O estudo buscou identificar possíveis tendências ideológicas em chatbots de IA. Para isso, pesquisadores analisaram modelos desenvolvidos por OpenAI, Google, Anthropic, xAI e DeepSeek.
Os testes utilizaram 29 perguntas elaboradas por pesquisadores das universidades Stanford e Dartmouth. As questões abordavam temas frequentemente presentes no debate político, como imigração, controle de armas, cotas raciais, pena de morte, impostos e programas de diversidade.
Segundo o levantamento, o ChatGPT foi o sistema que mais apresentou respostas classificadas como “progressistas”. Em todo o teste, o modelo produziu apenas uma resposta exclusivamente conservadora.

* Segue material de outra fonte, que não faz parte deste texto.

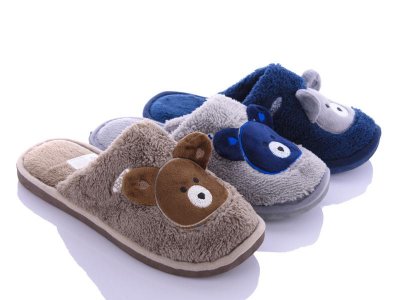 Тапочки подростковые Deshman (36-41) LK2281 mix (зима)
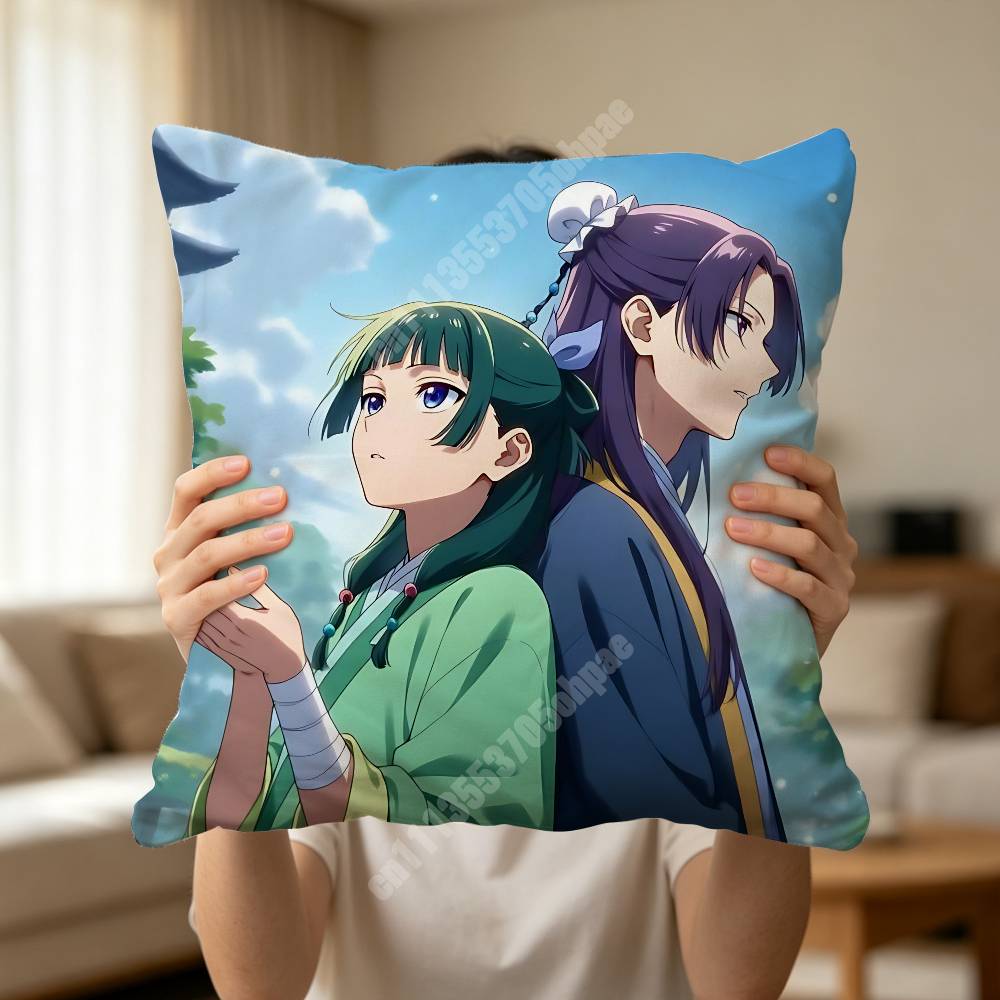 AApothecary DDiaries Jinshi Maomao Sofa Couch Pillow Cover Cushion Case Cozy Bedroom Accent Studio Furnishing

A análise apontou o Gemini, do Google, como o chatbot mais equilibrado entre os avaliados. Em mais de 90% das respostas, o sistema apresentou argumentos associados tanto à esquerda quanto à direita.
Já o Grok, desenvolvido pela xAI, empresa de Elon Musk, mostrou posições mais conservadoras do que os demais concorrentes. Mesmo assim, os pesquisadores identificaram argumentos de esquerda com maior frequência do que respostas alinhadas à direita.